(Recorded information Opens)

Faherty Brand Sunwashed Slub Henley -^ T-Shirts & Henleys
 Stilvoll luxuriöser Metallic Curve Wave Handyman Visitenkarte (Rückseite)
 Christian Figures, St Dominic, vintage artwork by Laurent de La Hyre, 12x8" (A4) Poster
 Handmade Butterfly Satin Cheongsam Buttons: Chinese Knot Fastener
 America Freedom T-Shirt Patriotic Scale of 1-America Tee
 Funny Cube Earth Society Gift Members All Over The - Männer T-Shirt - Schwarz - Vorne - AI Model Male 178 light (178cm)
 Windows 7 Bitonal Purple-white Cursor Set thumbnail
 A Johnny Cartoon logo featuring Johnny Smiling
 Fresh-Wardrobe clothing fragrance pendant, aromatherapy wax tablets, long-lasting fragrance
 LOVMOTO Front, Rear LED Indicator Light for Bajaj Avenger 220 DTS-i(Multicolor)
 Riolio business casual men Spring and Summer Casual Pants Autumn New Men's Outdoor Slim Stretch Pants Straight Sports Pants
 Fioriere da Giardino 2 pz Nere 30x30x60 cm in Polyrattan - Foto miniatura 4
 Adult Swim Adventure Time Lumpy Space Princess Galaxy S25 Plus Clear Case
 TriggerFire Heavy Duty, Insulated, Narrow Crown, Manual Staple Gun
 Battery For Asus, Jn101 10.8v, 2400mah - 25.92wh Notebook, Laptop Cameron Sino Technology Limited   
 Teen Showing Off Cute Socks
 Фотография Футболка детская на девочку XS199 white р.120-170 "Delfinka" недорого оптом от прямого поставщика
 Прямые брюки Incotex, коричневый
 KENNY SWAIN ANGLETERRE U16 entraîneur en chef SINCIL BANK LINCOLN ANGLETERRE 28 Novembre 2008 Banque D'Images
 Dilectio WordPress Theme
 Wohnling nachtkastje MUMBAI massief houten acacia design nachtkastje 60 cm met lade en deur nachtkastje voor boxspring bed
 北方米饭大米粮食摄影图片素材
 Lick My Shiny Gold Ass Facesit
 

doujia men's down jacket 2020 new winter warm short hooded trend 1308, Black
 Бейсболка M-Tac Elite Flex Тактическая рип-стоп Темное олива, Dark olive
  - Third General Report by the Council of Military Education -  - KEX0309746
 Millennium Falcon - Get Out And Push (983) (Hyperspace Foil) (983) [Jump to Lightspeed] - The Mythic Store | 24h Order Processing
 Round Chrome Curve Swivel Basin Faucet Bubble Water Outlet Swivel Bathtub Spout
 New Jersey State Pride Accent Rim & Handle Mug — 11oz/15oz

(Recorded information Closes)

__What you will do__.
Lines of the data above that include the string "white" must each be copied.

__Exercise result__.
 Windows 7 Bitonal Purple-white Cursor Set thumbnail
 Фотография Футболка детская на девочку XS199 white р.120-170 "Delfinka" недорого оптом от прямого поставщика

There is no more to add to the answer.